Le style de l’autrice m’a semblé à première vue simple et scolaire. Au fil des pages, il s’est révélé lourd, parfois ampoulé et souvent encombré d’expressions toutes faites déjà lues mille fois ailleurs. Sérieusement, il faut arrêter avec la cascade de cheveux des protagonistes féminines !!! Quant à la manie feuilletonnesque qui consiste à finir un chapitre sur une prétérition et un effet d’annonce qui se veut retentissant, elle passe quand on doit attendre une semaine pour lire l’épisode suivant, pas quand on n’a qu’à tourner la page pour savoir la suite. Et c’est un artifice plutôt paresseux pour retenir l’attention du lecteur. Autre bizarrerie, la plupart des chapitres sont racontés par Wil, mais certains passent à la 3e personne du pluriel. Pourquoi ? Peut-être pour montrer à quel point l’Histoire l’entraîne et le malmène, mais c’est fait tellement maladroitement que l’effet est manqué. Enfin, les ruptures de niveaux de langue sont fréquentes, agaçantes et parfaitement injustifiées.
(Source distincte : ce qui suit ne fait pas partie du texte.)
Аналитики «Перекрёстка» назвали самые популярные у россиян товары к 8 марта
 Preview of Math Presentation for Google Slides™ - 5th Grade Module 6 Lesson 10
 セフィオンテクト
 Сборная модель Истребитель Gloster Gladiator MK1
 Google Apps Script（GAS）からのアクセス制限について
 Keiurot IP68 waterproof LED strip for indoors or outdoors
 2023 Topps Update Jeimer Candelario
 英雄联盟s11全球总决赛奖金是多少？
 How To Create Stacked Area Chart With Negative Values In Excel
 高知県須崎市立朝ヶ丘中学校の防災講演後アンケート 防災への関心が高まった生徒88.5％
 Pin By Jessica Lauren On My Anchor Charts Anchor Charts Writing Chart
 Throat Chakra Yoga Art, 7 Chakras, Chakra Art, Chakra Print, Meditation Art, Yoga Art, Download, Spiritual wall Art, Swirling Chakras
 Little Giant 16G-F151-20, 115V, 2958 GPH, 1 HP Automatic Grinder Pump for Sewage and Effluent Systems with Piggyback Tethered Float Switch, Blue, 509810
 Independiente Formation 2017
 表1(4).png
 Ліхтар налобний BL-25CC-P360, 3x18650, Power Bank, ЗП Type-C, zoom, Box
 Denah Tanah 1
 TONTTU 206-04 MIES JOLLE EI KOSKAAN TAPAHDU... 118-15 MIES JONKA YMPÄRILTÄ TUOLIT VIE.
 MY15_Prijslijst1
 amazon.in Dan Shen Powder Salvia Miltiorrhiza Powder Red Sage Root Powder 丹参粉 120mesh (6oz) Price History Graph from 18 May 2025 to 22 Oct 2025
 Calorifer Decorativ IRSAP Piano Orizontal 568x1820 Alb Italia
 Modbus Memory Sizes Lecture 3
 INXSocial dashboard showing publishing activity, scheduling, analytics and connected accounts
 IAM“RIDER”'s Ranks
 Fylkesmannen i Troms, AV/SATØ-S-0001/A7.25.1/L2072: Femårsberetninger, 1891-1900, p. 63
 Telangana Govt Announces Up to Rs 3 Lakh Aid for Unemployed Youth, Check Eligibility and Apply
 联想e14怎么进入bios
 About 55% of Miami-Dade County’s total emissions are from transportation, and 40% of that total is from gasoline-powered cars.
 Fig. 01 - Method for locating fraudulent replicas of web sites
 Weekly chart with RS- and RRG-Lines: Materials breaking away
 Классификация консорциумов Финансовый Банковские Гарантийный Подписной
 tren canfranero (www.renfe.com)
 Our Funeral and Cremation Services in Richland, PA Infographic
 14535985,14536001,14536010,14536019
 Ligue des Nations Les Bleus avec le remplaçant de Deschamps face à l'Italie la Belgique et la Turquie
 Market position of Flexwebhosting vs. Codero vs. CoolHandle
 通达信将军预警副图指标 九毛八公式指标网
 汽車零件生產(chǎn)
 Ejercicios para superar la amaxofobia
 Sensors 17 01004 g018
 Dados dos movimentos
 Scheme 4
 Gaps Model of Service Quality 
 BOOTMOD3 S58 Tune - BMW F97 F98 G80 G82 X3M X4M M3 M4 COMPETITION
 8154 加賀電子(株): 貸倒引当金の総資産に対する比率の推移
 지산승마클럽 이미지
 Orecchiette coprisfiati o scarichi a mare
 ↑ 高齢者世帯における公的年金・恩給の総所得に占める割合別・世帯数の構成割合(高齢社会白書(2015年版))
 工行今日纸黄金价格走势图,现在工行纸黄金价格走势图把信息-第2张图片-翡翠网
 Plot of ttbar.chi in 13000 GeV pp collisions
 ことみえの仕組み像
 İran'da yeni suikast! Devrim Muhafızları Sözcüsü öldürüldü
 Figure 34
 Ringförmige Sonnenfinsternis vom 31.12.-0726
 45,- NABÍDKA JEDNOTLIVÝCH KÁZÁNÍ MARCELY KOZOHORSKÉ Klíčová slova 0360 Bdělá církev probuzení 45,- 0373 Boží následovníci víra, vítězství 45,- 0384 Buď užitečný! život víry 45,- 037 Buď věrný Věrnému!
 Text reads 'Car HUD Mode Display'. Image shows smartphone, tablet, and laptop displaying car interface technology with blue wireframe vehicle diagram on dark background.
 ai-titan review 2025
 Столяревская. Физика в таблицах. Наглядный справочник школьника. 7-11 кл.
Bref, le style est si mauvais qu’il m’a sorti de ma lecture à plusieurs reprises, ce qui n’est jamais bon signe.
J’ai eu le sentiment de lire une frise chronologique de l’histoire juive des années 1930 à 1960, illustrée par le cas particulier des Rosenheck. Rien ne manque, pas une mesure antijuive, pas un événement depuis l’Anschluss au procès Eichmann. L’histoire de Wil et des siens n’a pas su m’intéresser et m’a à plusieurs reprises fait pousser de longs soupirs d’agacement. Elle séduira sans doute les lecteurs qui aiment les longues histoires familiales sur fond historique. Je suis de ceux-là d’habitude, mais la pauvreté de la forme m’a laissée sur le carreau.